In the aftermath of the bombshell dropped by Chloe Hadjimatheou in this weekend’s Observer, where she exposes the lies this story is based on, it feels right to reassess our original response to the movie. Our opening sentence included the words “raised eyebrows”. Perhaps we shouldn’t have been so gullible.

But we’re in good company, including Penguin Random House, Number 9 Films and more than two million readers worldwide. Chivalrous Jason Isaacs, sitting next to Raynor Winn on The One Show sofa, gently corrects her when she says it all began when she and her husband “got into a financial dispute”. “You were conned out of everything you had,” he says sympathetically. “You might not be able to say it but I can.”

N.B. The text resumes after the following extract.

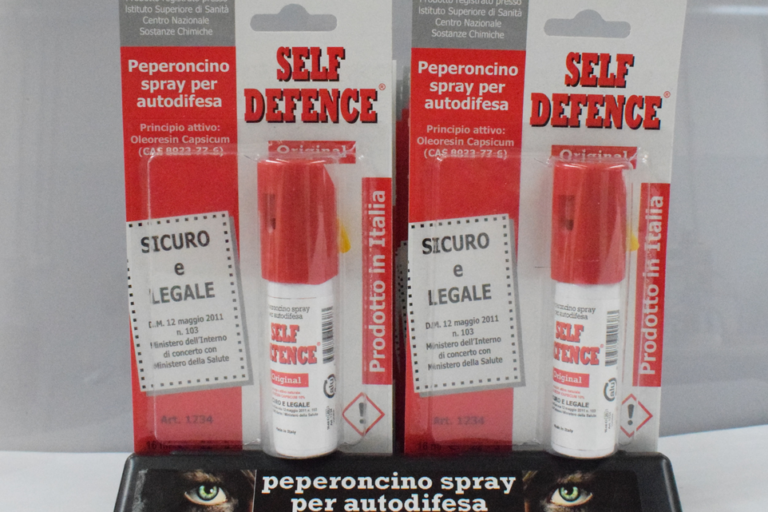 2.2.Spray_.3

The Winns’ audacity is breathtaking. According to Hadjimatheou, the real con-artist is Raynor, aka Sally Walker. Aka embezzler of £64k from her employer; aka borrower of £100k to pay back her ill-gotten gains and thus avoid a criminal trial. When their house was repossessed, it wasn’t because a good friend betrayed them; it wasn’t a naïve business investment gone wrong. It was the simple calling-in of an unpaid debt, ratified by the courts. Did Walker and her husband Ti-Moth-y really believe the truth would stay buried as they appeared on national television to publicise their untruths?

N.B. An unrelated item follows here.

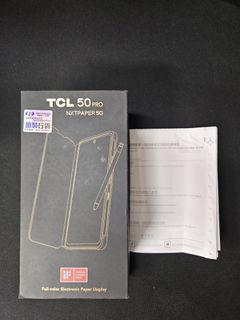 （分類：）位於 。 由 ilmimi 提交（商品編號 1347893673，圖片 1）。簡介： 。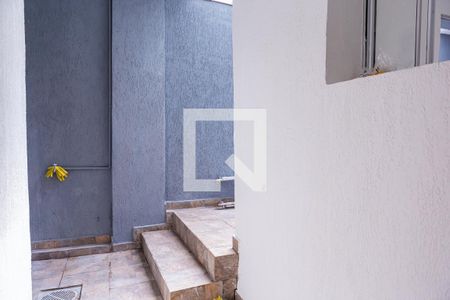 Casa para alugar com 100m², 3 quartos e 1 vaga Casa para alugar com 100m², 3 quartos e 1 vagaÁrea de Serviço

So how gullible were we, really? Like many, we believed the basic premise. Why wouldn’t we? Sure, it was clear that the exact circumstances of the couple’s slide into destitution were being glossed over, and of course their story was shaped into a neater narrative than real life provides. But we had no reason to doubt the fundamentals. (How could anyone have guessed they had a ‘spare’ property in France?) In fact, my interest piqued by the movie, I went on to read Winn’s books. I liked The Salt Path, although I was disappointed not to learn more about the calamitous investment. I found books two and three (The Wild Silence and Landlines) less interesting: just more of the same, but – now that the couple were housed and embracing successful careers – without the jeopardy. In these sequels, the focus shifts to Moth’s terminal illness, corticobasal degeneration, and the miraculous curative effect that hiking has for him. While the first book tentatively suggests that strenuous exercise might be beneficial for those with this rare condition, by the third we’re deep into dubious ‘wellness’ territory, with Winn’s ‘own research’ supposedly trumping anything a neurologist might purport to know.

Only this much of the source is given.